TASK GOAL: In the listing below, find the line with "快適な温水洗浄便座付きトイレになります。", then repeat exactly every line from the top through that one.

GIVEN RECORDS:

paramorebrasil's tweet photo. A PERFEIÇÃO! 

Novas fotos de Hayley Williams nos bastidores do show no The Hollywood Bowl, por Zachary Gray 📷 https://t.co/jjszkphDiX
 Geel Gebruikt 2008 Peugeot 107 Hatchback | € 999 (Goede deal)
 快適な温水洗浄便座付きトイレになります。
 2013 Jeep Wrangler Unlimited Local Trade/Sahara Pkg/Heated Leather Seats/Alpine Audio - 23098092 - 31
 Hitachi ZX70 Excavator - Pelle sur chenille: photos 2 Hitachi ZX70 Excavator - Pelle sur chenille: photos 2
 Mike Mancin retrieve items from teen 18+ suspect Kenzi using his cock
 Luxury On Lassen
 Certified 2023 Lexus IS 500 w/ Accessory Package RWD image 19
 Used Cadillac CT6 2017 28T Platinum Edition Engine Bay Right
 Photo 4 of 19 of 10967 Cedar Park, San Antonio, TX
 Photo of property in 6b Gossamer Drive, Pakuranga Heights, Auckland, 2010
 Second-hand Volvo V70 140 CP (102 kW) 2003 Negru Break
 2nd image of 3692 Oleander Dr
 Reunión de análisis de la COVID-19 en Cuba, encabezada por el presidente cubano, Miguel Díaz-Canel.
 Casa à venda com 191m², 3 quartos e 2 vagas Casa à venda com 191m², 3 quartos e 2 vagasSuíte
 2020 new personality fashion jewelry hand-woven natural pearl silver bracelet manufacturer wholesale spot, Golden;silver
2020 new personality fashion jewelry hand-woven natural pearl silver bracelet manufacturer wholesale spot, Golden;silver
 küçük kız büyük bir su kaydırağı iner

OUTPUT:
paramorebrasil's tweet photo. A PERFEIÇÃO! 

Novas fotos de Hayley Williams nos bastidores do show no The Hollywood Bowl, por Zachary Gray 📷 https://t.co/jjszkphDiX
 Geel Gebruikt 2008 Peugeot 107 Hatchback | € 999 (Goede deal)
 快適な温水洗浄便座付きトイレになります。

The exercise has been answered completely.